El Capitolio permaneció cerrado durante una hora y la Casa Blanca también lo estuvo por algún tiempo, entre barricadas dispuestas por la Policía en la calle y agentes con rifles automáticos en las esquinas.
Todo empezó a alrededor de las 14:40 horas, cuando a la entrada del centro de visitantes del Capitolio, un hombre --identificado como Larry Russell Dawson-- sacó un arma de fuego y apuntó contra los oficiales de seguridad tras pasar por un detector de metales, lo que provocó que la Policía abriera fuego en su contra.
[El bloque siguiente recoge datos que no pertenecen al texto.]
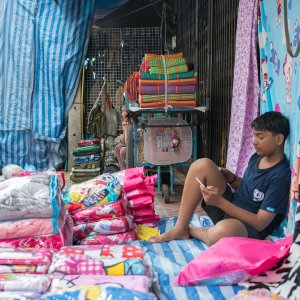 Man selling bedclothes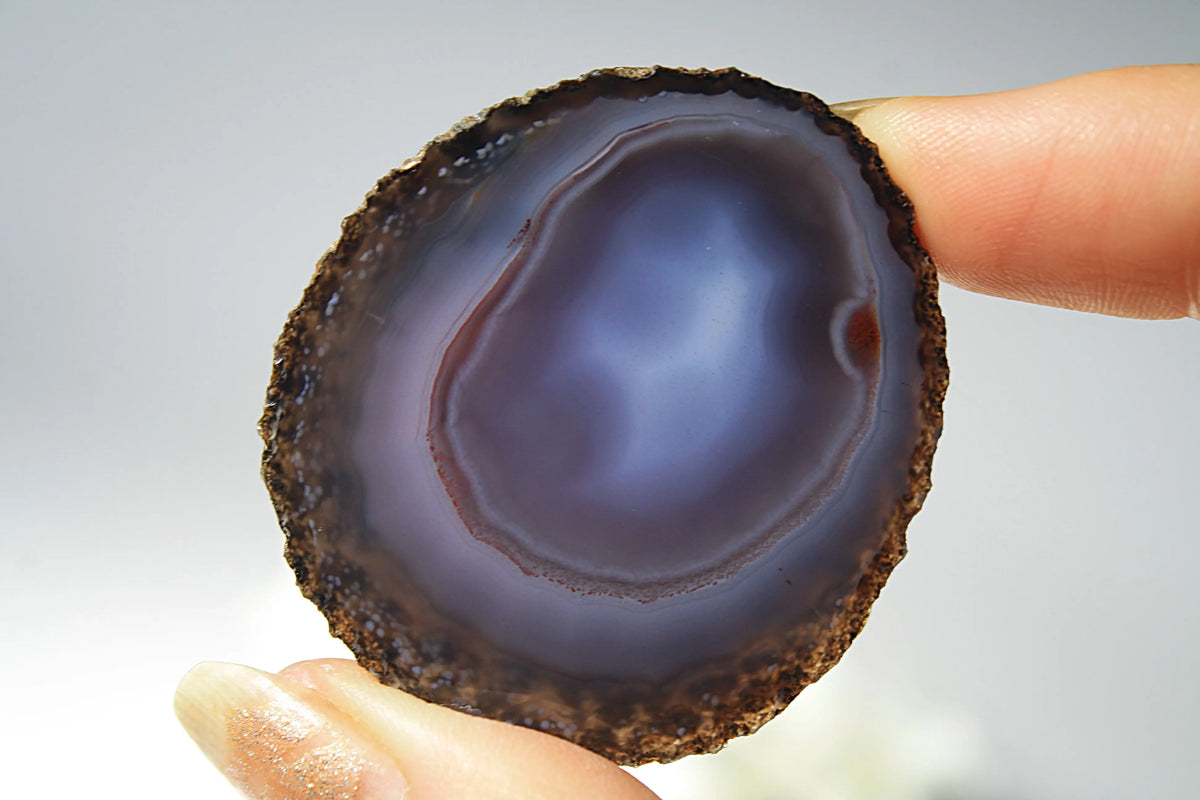 Mysterious purple-blue banded Zhanguo agate pair glowing with depth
Dawson, de 66 años de edad, fue trasladado a un hospital y otra mujer resultó con heridas leves por la metralla.
No se reportaron otros lesionados, pese a que el centro estaba lleno de turistas por tratarse del lunes de Pascua; misma razón por la cual no había presencia de legisladores ni de funcionarios.
"Creemos que éste es el acto de una persona que ha visitado el Capitolio antes, y no hay razón para creer que es nada más que un acto criminal", señaló el jefe de Policía del Capitolio, Matthew Verderosa.
Dawson, originario de Tennessee, había sido arrestado en octubre pasado, luego de irrumpir en el Congreso estadounidense y gritar que era un "profeta de Dios".
Un juez le ordenó en ese entonces mantenerse alejado del Capitolio y cuando un mes después Dawson no acudió a una audiencia judicial, éste se justificó con una carta.
"He sido llamado elegido y enviado a ustedes este día. ¡No estoy bajo la ley! Por ende no voy a cumplir con la orden de la corte ni rendirme ante su oficina", arguyó.
Tanto la Casa Blanca como el Capitolio fueron reabiertos por la tarde, pese a lo cual continuaba la movilización policial.